Any exercise of this sort is fraught with difficult decisions in how to analyze the data, even though the individual game subjective PFF grades are set in concrete for the purpose of the analysis. Here are a couple of the decisions they make:
- How do you even define a team? With varying offensive and defensive personnel groupings over a game, a season, and an era, there is no simple answer. PFF includes 12 positions on offense and defense to deal with this (special teams are not included), based on the prevalence of 11 personnel and nickel defense in recent years but with adjustments for specific teams. On offense they include three wide receivers, one of whom has to have had significant time lining up in the slot, two tight ends, but only one running back for the Giants (for teams that ran more 21 than 12 personnel they removed one TE and added a FB).

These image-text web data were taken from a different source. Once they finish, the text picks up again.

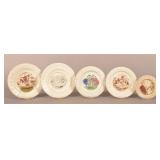 Five Staffordshire Transfer Alphabet Plates.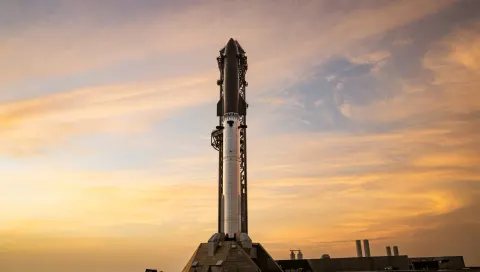 SpaceX Starship V3 rocket launching from Starbase Texas with 33 Raptor engines firing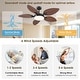 preview thumbnail 23 of 29, 52" Waterproof Indoor and Outdoor Ceiling Fans with Lights, APP and Remote Control, Dimmable Farmhouse Ceiling Fan - 52 Inches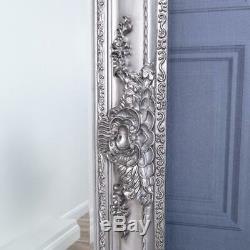 Large Silver Mirror Full Length Wall Heavily Ornate Bedroom Living Hallway
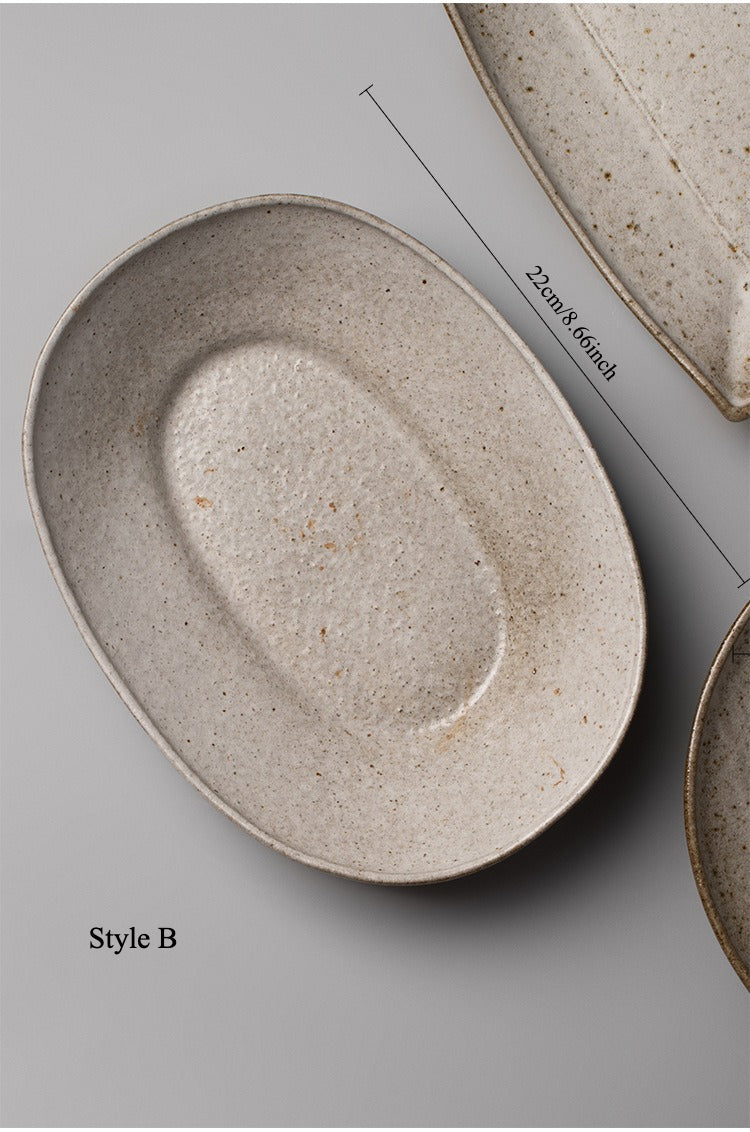 Gohobi Japanese Vintage Coarse Pottery Deep Plate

On defense they included either a third interior lineman or a third linebacker depending on whether a 3-4 or 4-3 defense was more commonly used.
- How do you weigh the entirety of a player’s career vs. what he accomplished in his peak seasons? This is basically the argument that has kept Eli Manning out of the Hall of Fame so far. PFF decides to use the top 5 years of a player’s career with that one team and excludes any season with a grade below 60.0 so as not to unduly penalize one bad year.
- Postseason games are included, but not more than 16 total games for any one season.
OK, take a minute to put your all-time Giants team for the past 20 years together, and see how it matches the one determined by PFF grades. Here we go.
Offense
My own reactions to this list are:
- QB: There is no other possibility than Eli Manning. We’ll hope that if they do a 25th anniversary list, Jaxson Dart gives him a run for his money by that time.
- OL: It says a lot about the futility of the Giants’ blocking over the past two decades that 4 of the 5 slots go to starters on the Giants’ 2007 Super Bowl championship team. Only David Diehl, arguably the weakest blocker on that team, loses out, and to Andrew Thomas, clearly the Giants’ best OL of the past decade +.
- HB:...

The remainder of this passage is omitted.